From the oldest steam cog railway in Europe direct to an Achensee boat cruise
With the era of the Achensee Steam Cog Railway and the Achensee boat cruise, tourism on Achensee began, and that was quite some time ago.
For over 130 years, since 1889 to be exact, the train has hauled itself, huffing and puffing, up the mountain. From Jenbach in the Inntal valley to Achensee, it tackles some seven kilometres and 440 metres altitude. Achensee Steam Cog Railway is the oldest of its kind in Europe and is still in constant use. When it gets to the top and has a break at the lake, puffing away, a steam boat from Achensee Ferry Company awaits, on which guests are able to continue their eventful panoramic journey straight away. The timetables are co-ordinated.

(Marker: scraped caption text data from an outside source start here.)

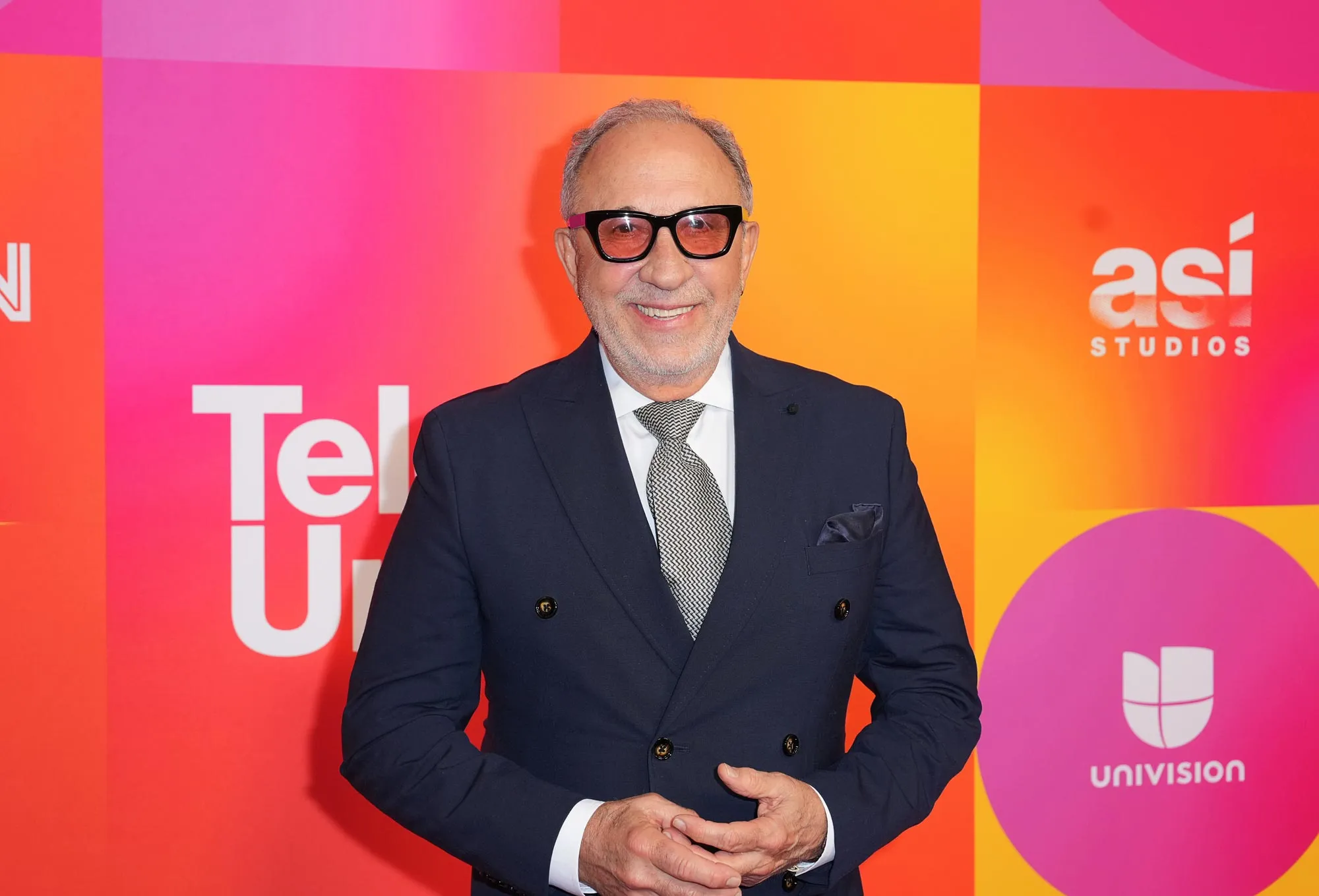 Emilio Estefan attends the TelevisaUnivision 2025 Upfront GettyImages 2214895686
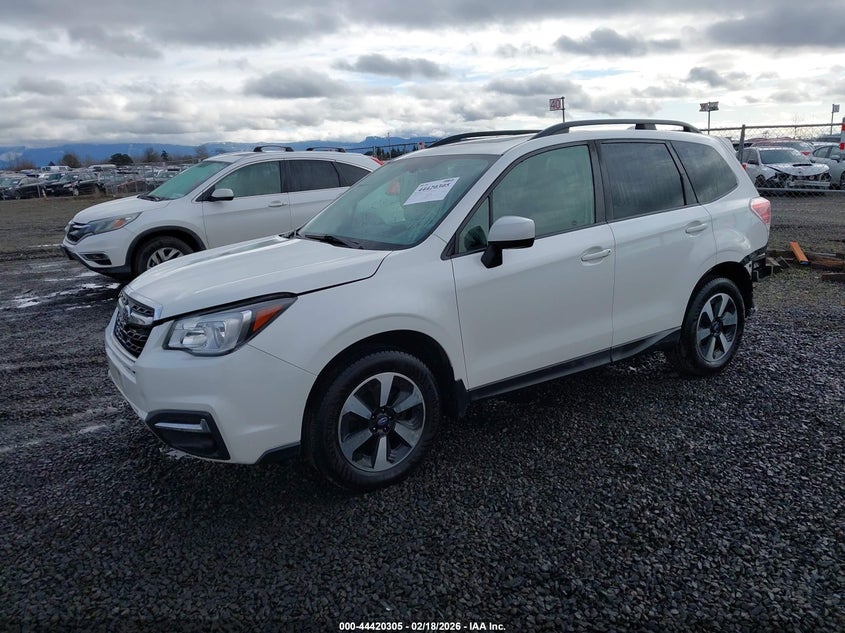 2018 Subaru Forester 2.5I Premium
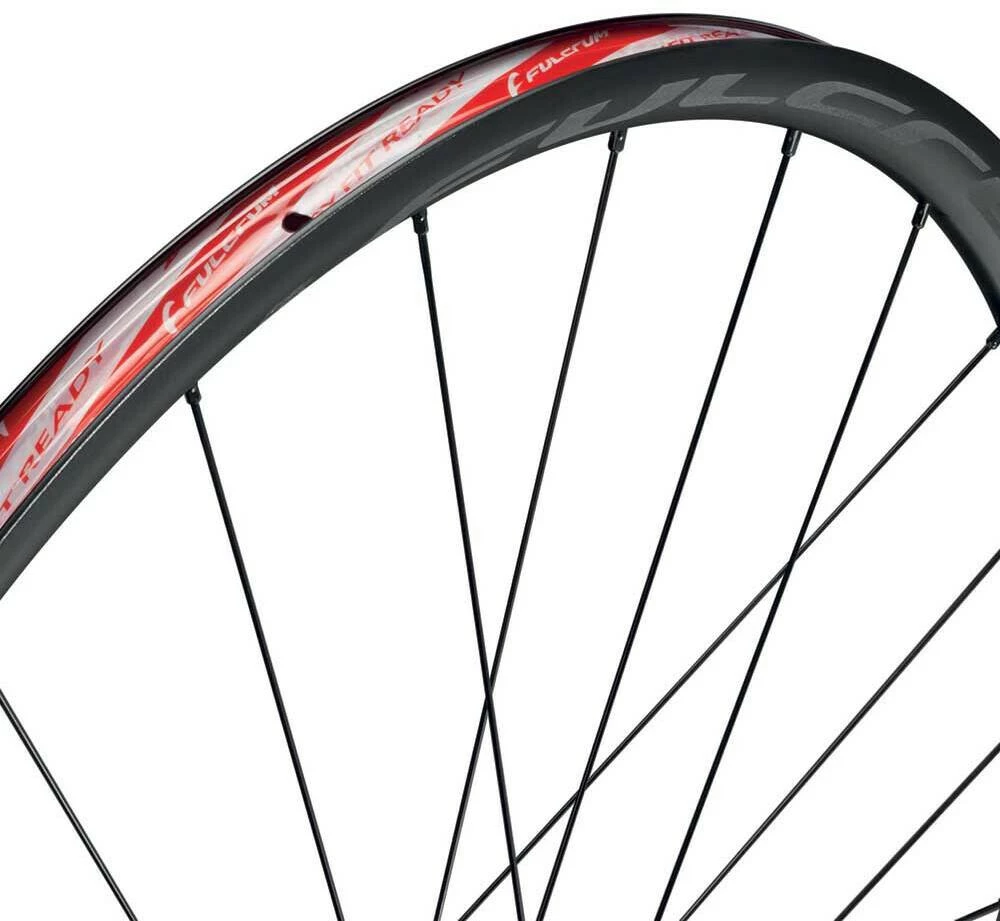 Fulcrum Racing 5 DB C20 Road Hjulsæt 28" 12x100 / 12x142mm HG 8-11-trins Disc CL Clincher TL, Sort - Billede 4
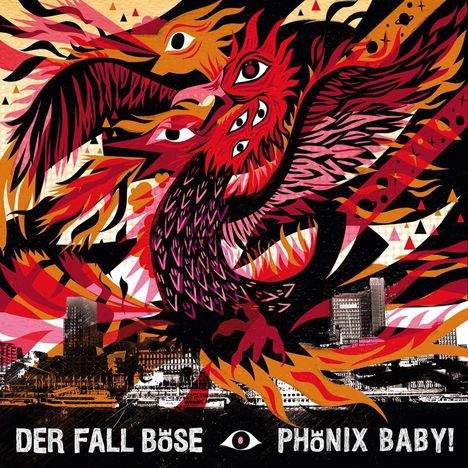 Der Fall Böse: Phönix Baby!, CD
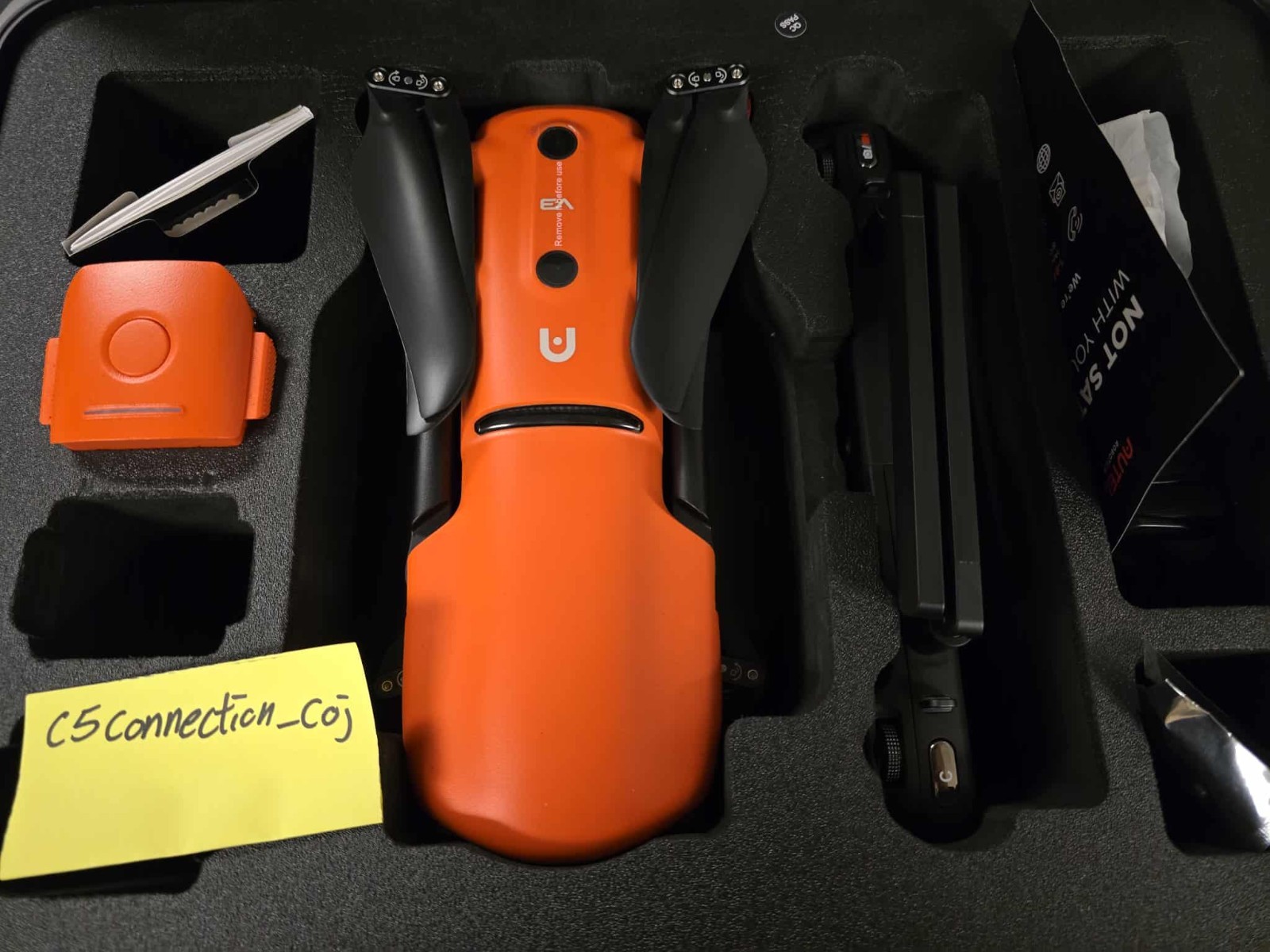 EVO 2 Pro Rugged Bundle - 6k Camera Drone Hard Case Combo [V3] US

Timetable Achensee Steam Cog Railway
Timetable Achensee Ferry Company
A success story spanning more than 100 years
Due to its wealth of fishing and hunting opportunities Achensee has always been of interest to sovereign rulers, like Emperor Maximilian I and Archduke Ferdinand II., who had luxuriant boats made. When around the middle of the 19th century tourism discovered Achensee, Fiecht monastery was, as owner of the lake, successful in endeavours to get a shipping franchise. Eventually they put in an order for a steam boat with a Linz dockyard.The individual components were transported from Jenbach to Achensee by horses and the boat was assembled in Pertisau. In the middle of June 1887 it was named St. Josef.
When two years later the cog railway from Jenbach to Achensee was opened, the need arose to put a second steam ship, the “St. Benedikt” into operation. With the “Stella Maris”, purchased in 1911, which was later renamed “Stadt Innsbruck”, a diesel-powered vessel sailed on European inland waters for the first time.
Centuries ago the easy accessibility and the mesmerizing beauty of Achensee, whose banks are bordered by the Karwendel and Rofan mountain ranges, attracted sovereign rulers from Tirol and their many court members. Later, famous scholars and artists chose the area time and again for their summer holidays.